Q: Une candidature plus de deux ans avant le scrutin est-elle habituelle ?
Réponse: "Pour un candidat important, c'est assez exceptionnel qu'on se prononce sur son désir d'y aller plus de deux ans avant. Alors que normalement les déclarations de candidatures ont lieu plus près de l'élection, parfois quelques semaines, quelques mois, ou un an avant, comme c'était le cas pour Marine Le Pen en 2016".
Q: Pourquoi Marine Le Pen part-elle si tôt en campagne ?
R: "Il y a une volonté de ne pas faire comme les autres, une stratégie de différenciation. +Les autres font semblant de ne pas être candidats, moi je vous parle vrai, je suis candidate+.
Elle veut aussi dire qu'elle prend très au sérieux la préparation, l'élaboration du programme. Et décrit aux Français un processus vertueux dans le but d'éviter ce qui a été considéré comme l'impréparation de Marine Le Pen à la dernière présidentielle.

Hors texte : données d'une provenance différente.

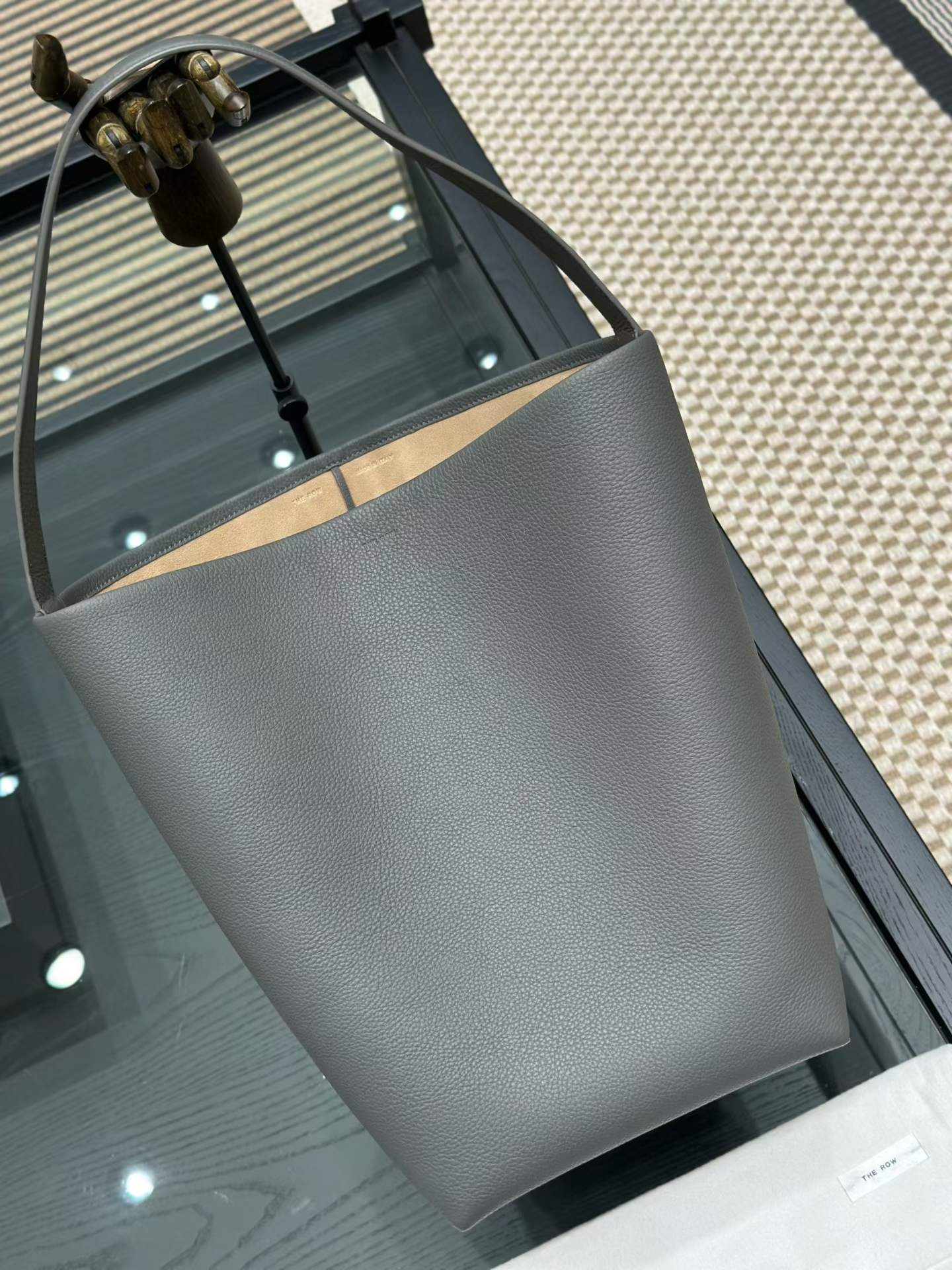 The Row N/S Park Leather tote bag view 1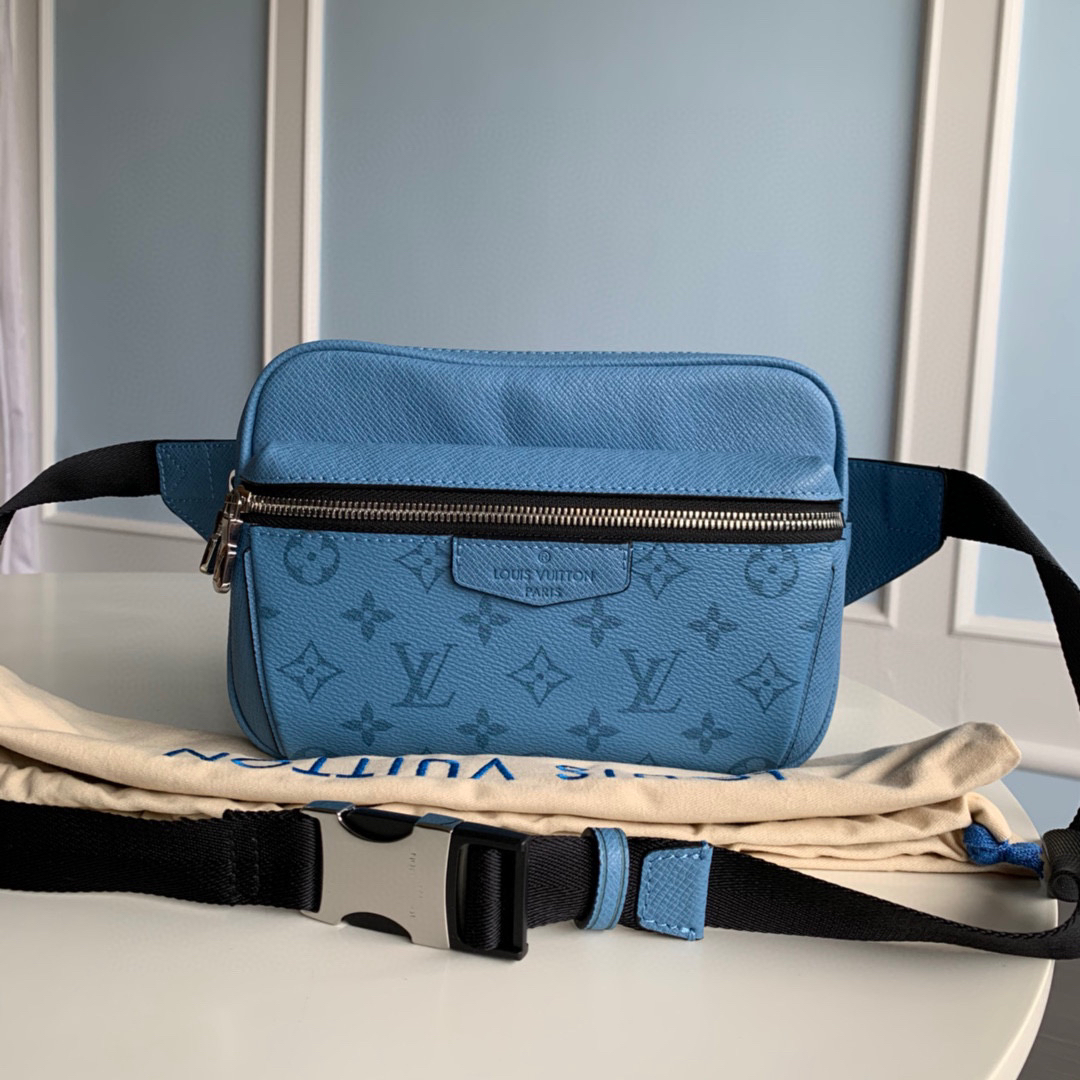 Louis Vuitton Monogram 21cm Blue – Fapert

Marine Le Pen veut surtout inscrire sa candidature dans sa stratégie du +localisme+, qui est nouvelle pour le RN. Jusqu'à présent le FN (devenu RN) avait une stratégie nationale, il méprisait assez largement les élections locales. Là, on change complètement parce que le calendrier est spécifique.
On va avoir trois élections locales (municipales en mars, départementales et régionales en 2021, NDLR) avant la grande échéance présidentielle. Marine Le Pen a complètement intégré ce scénario et va essayer de monter en puissance à partir des scènes locales: emporter plus de villes lors des municipales, perturber les départementales et peut-être acquérir un ou deux départements, et accéder au pouvoir aux régionales.
Le Parti socialiste français au début du XXe siècle, qui avait des problèmes parce qu'il faisait peur, avait inventé le socialisme municipal qui pouvait préparer à l'idée que ce qui était bon localement pouvait être bon nationalement. Dans les années 1980, le RPR avait développé une campagne sur le thème +reconquérons la France ville par ville+". C'est un peu pour le RN la même stratégie, on prépare le terrain national par des conquêtes locales".
Q: Marine Le Pen n'a-t-elle que des avantages à partir avant tout le monde ?
R: "Il faut faire attention au phénomène d'usure. Vous êtes davantage exposé, on vous demande de répondre à de multiples questions. Et vous pouvez décevoir. Sur les terrains de l'insécurité et de l'immigration, Marine Le Pen a un discours tout prêt. En revanche sur le terrain économique et social, ce sont purement des attitudes de rejet de l'existant. On ne sait pas très bien quel régime de retraites le RN voudrait précisément.
En outre la situation est tellement instable aujourd'hui que les sondages qui montrent un second tour Macron-Le Pen suscitent déjà l'envie d'un troisième candidat. Et Marine Le Pen sait très bien que peut apparaître un homme ou une femme qui, comme dans d'autres démocraties, viendra de nulle part et incarnera la protestation. Elle cherche donc à préempter l'espace de la contestation".